Start of Data shown

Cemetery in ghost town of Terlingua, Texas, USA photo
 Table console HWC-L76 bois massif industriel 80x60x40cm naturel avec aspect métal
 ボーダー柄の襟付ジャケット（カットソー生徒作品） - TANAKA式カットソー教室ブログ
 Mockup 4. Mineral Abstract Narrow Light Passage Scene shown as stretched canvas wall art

End of Data shown

## Exercise goal
All the lines above need to be printed again, exactly.

## Worked solution
Cemetery in ghost town of Terlingua, Texas, USA photo
 Table console HWC-L76 bois massif industriel 80x60x40cm naturel avec aspect métal
 ボーダー柄の襟付ジャケット（カットソー生徒作品） - TANAKA式カットソー教室ブログ
 Mockup 4. Mineral Abstract Narrow Light Passage Scene shown as stretched canvas wall art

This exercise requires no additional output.